- Material provided -

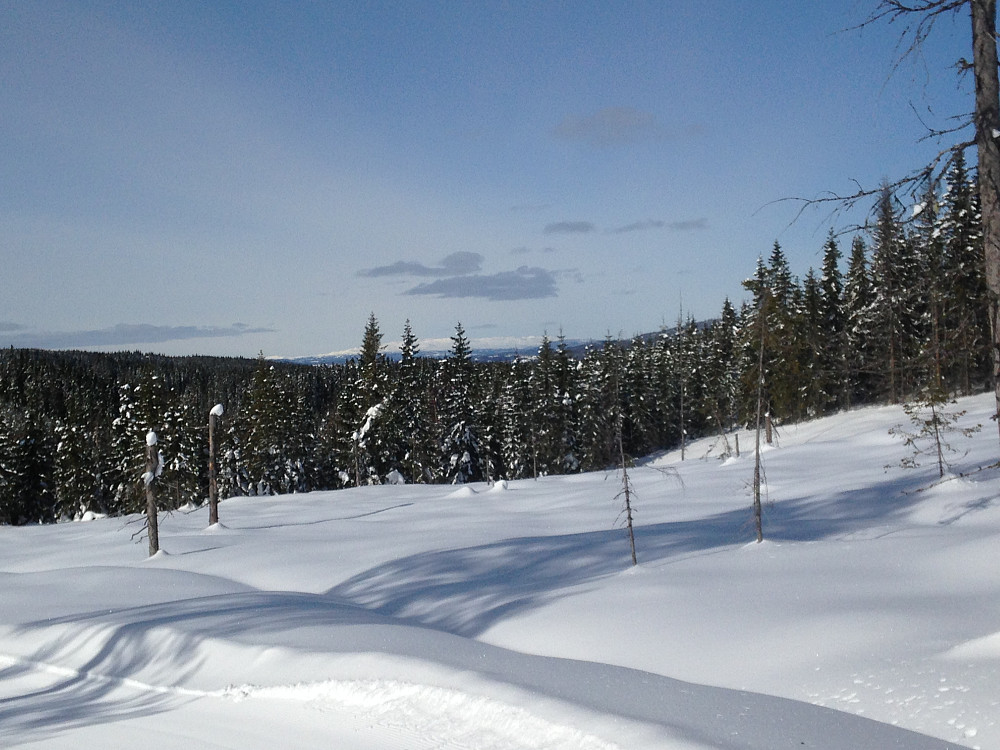 Straks nede ved veien på Gravåsen, Synnfjellet i det fjerne 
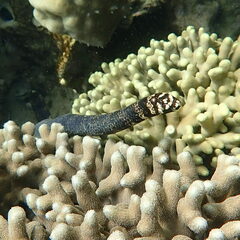 Emydocephalus annulatus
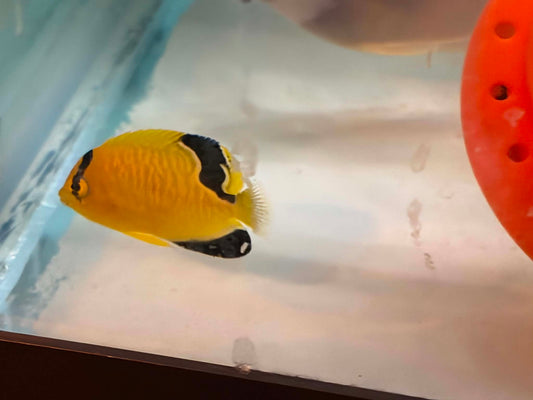 Gold Flake Angelfish - Captive Bred - Fully Quarantined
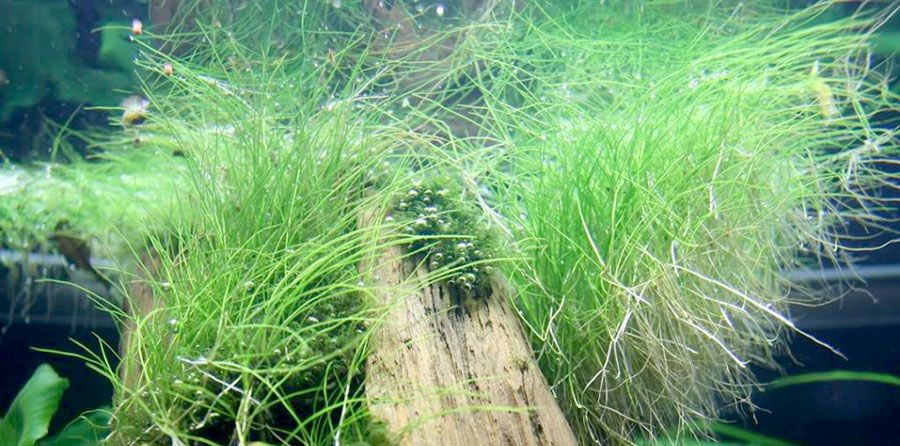 Eleocharis sp. 6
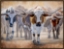 Picture of THE HEART OF THE CHISHOLM TRAIL 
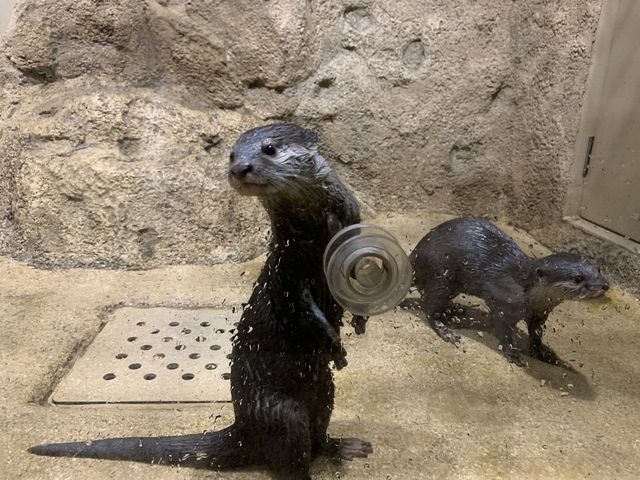【沖縄】DMMかりゆし水族館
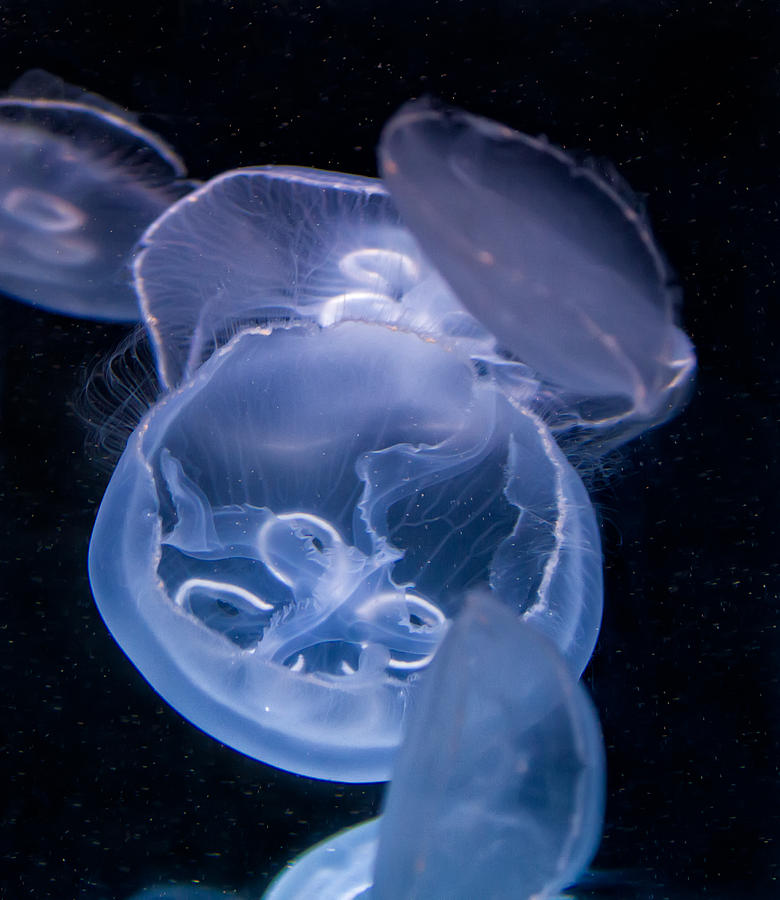 Jellyfish Photograph by Tim Stanley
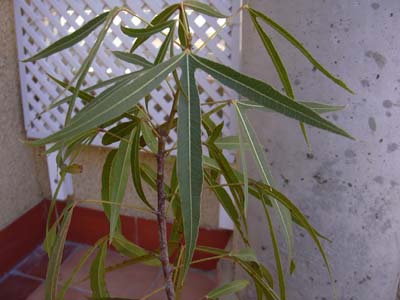 DSCN0167.JPG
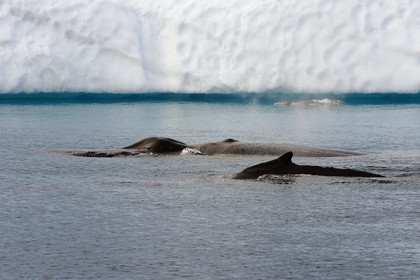 Groenland, cote ouest, baie de Disko, Ilulissat, fjord glacé classé Patrimoine Mondial de l'UNESCO qui est l’embouchure maritime du glacier Sermeq Kujalleq, baleines à bosse ou rorquals à bosse (Megaptera novaeangliae)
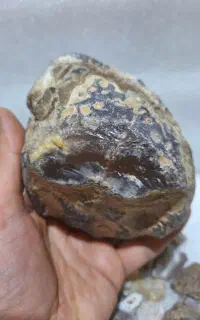 سنگ راف ، راف عقیق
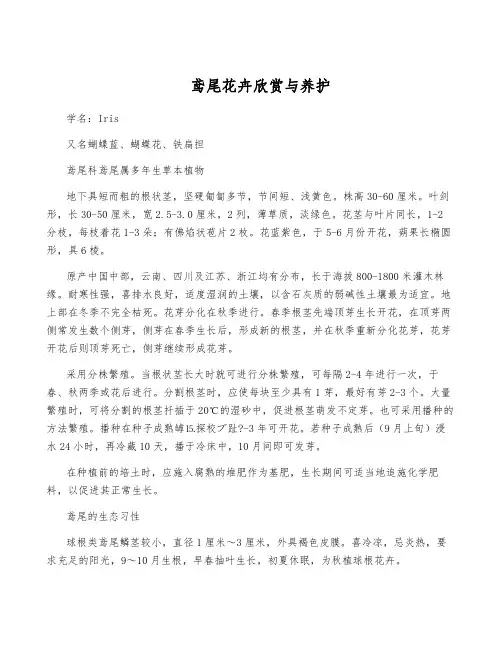 鸢尾花卉欣赏与养护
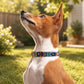 Dog wearing a colorful collar in a garden setting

- Assignment -
Reproduce the data word for word without its images.

- Answer to this problem -
 Straks nede ved veien på Gravåsen, Synnfjellet i det fjerne 
 Emydocephalus annulatus
 Gold Flake Angelfish - Captive Bred - Fully Quarantined
 Eleocharis sp. 6
 Picture of THE HEART OF THE CHISHOLM TRAIL 
【沖縄】DMMかりゆし水族館
 Jellyfish Photograph by Tim Stanley
 DSCN0167.JPG
 Groenland, cote ouest, baie de Disko, Ilulissat, fjord glacé classé Patrimoine Mondial de l'UNESCO qui est l’embouchure maritime du glacier Sermeq Kujalleq, baleines à bosse ou rorquals à bosse (Megaptera novaeangliae)
 سنگ راف ، راف عقیق
 鸢尾花卉欣赏与养护
 Dog wearing a colorful collar in a garden setting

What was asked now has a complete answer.